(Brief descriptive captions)
━━━━
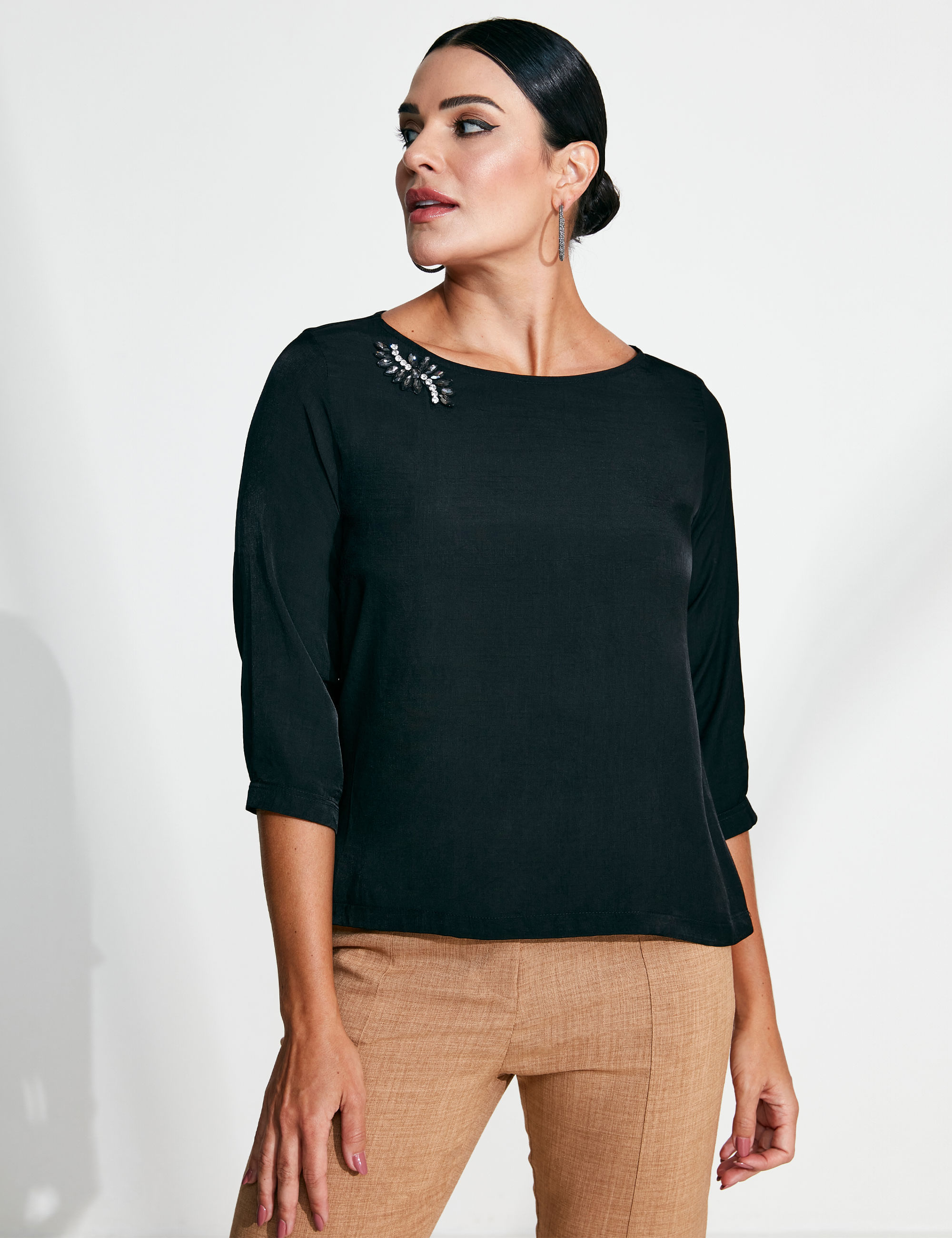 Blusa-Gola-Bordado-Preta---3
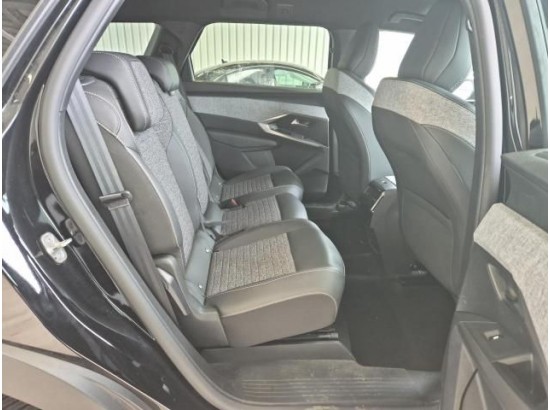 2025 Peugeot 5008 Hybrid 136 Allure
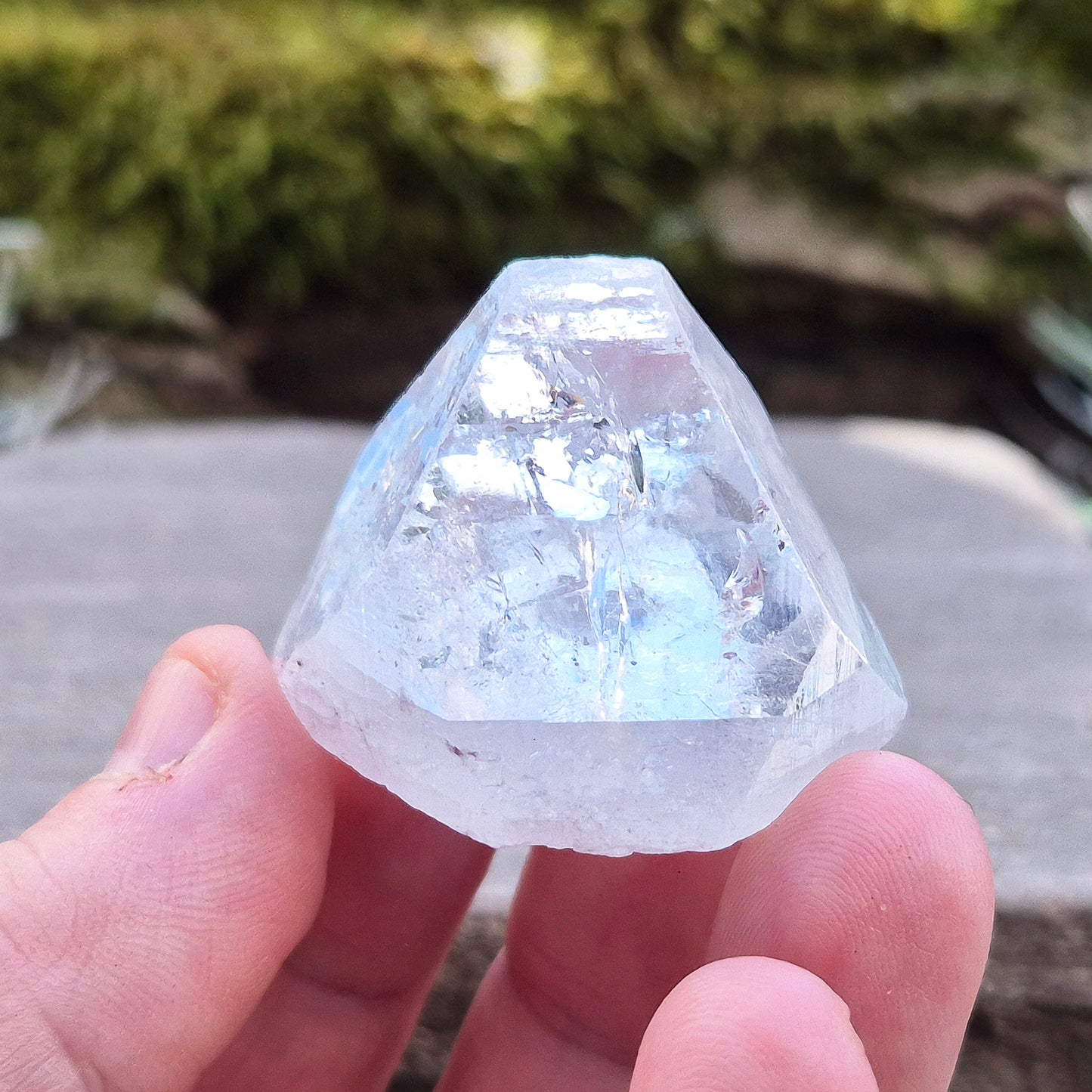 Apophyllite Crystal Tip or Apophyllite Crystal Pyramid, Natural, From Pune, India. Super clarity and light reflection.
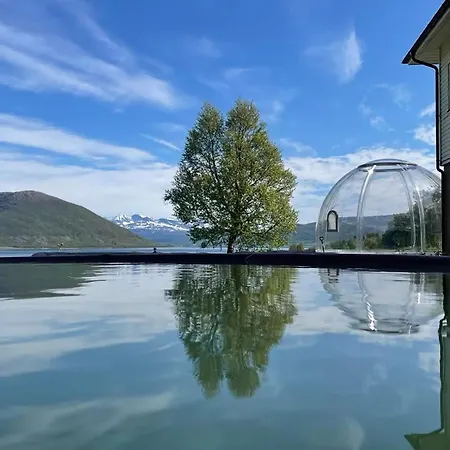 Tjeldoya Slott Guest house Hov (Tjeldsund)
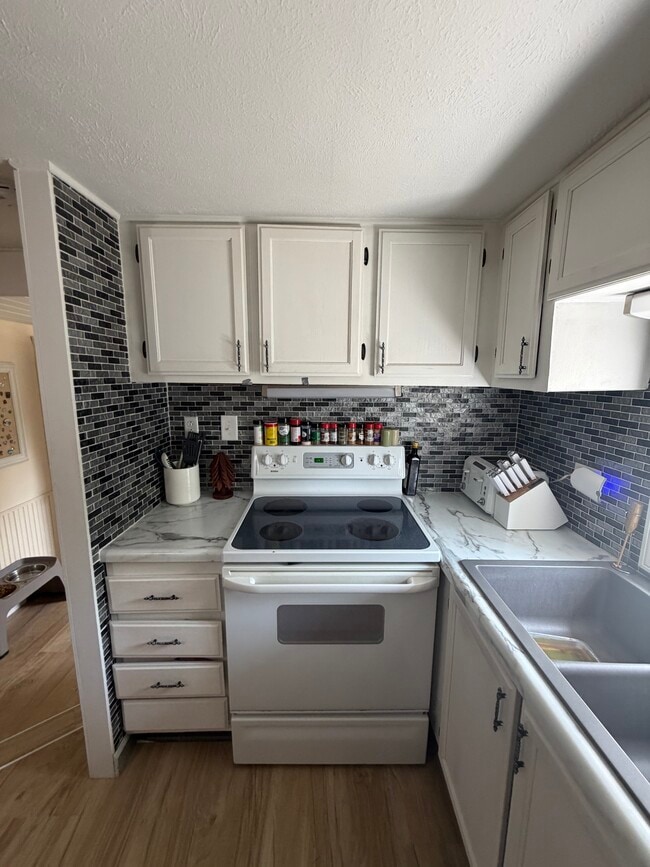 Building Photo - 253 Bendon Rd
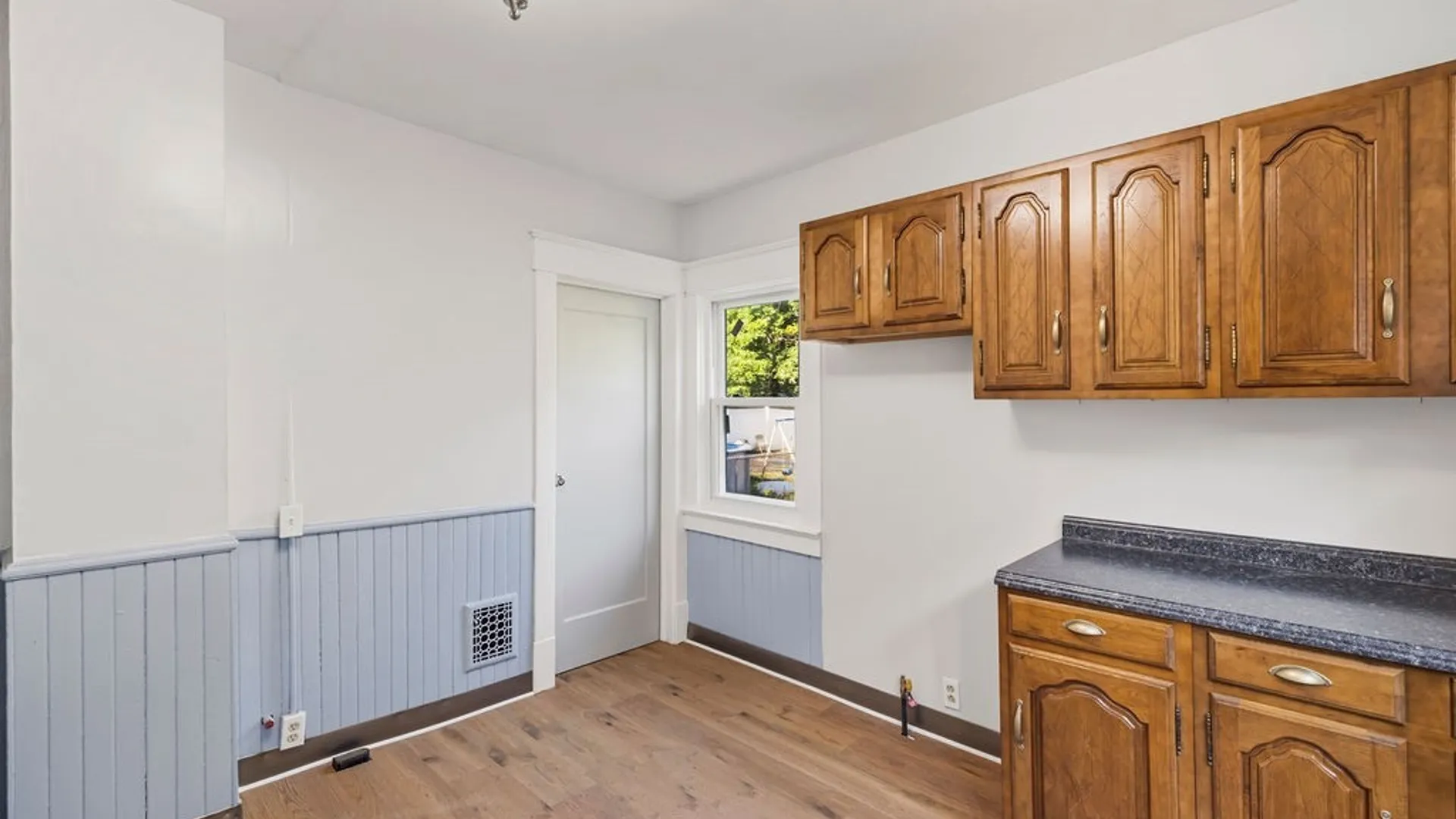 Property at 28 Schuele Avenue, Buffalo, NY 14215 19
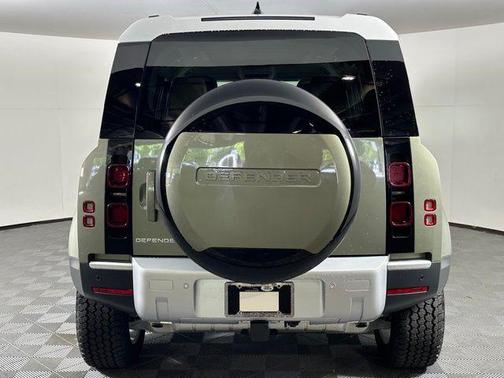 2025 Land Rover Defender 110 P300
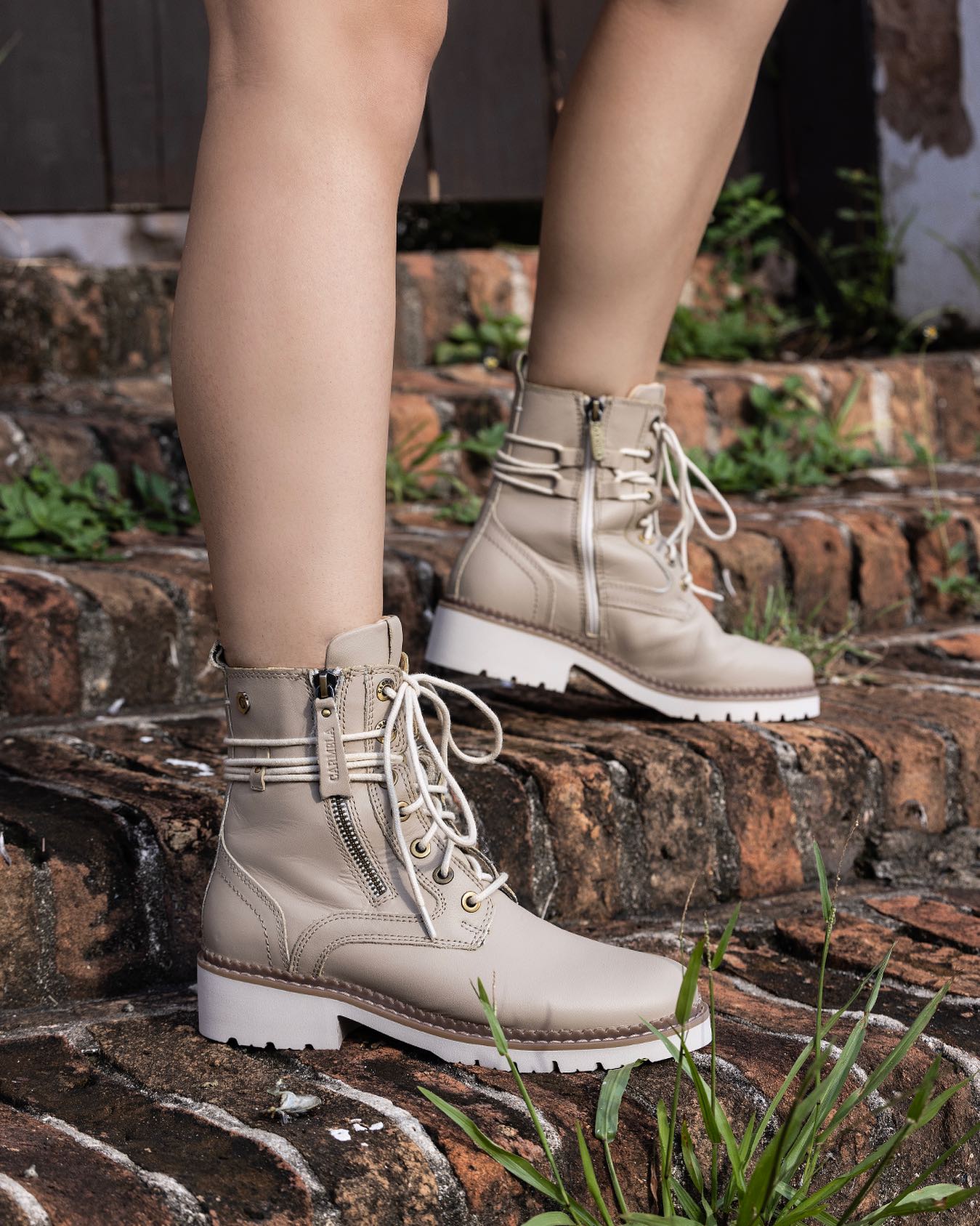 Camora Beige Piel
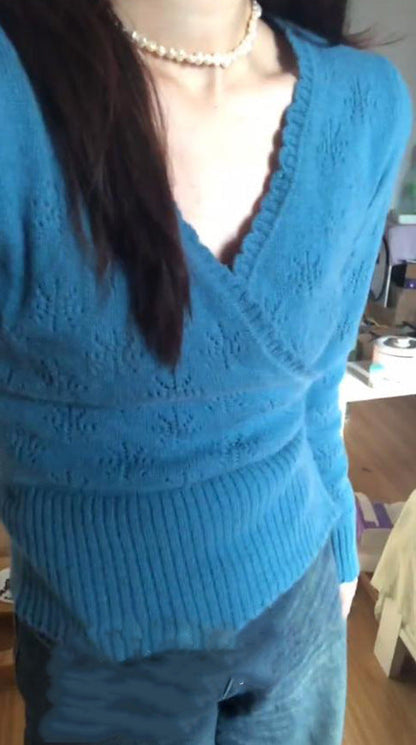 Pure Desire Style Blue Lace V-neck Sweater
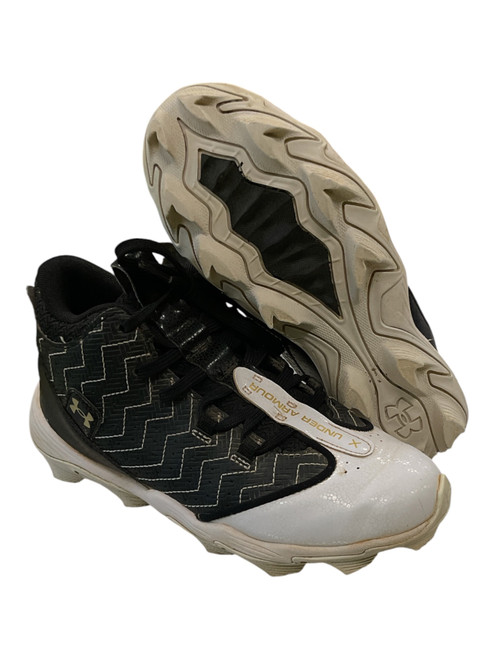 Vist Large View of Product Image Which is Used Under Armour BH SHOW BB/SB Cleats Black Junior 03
━━━━
# Your assignment:
Your copy of the entries above must be exact and must not include pictures.

# Output for this exercise:
 Blusa-Gola-Bordado-Preta---3
 2025 Peugeot 5008 Hybrid 136 Allure
 Apophyllite Crystal Tip or Apophyllite Crystal Pyramid, Natural, From Pune, India. Super clarity and light reflection.
 Tjeldoya Slott Guest house Hov (Tjeldsund)
 Building Photo - 253 Bendon Rd
 Property at 28 Schuele Avenue, Buffalo, NY 14215 19
 2025 Land Rover Defender 110 P300
 Camora Beige Piel
 Pure Desire Style Blue Lace V-neck Sweater
 Vist Large View of Product Image Which is Used Under Armour BH SHOW BB/SB Cleats Black Junior 03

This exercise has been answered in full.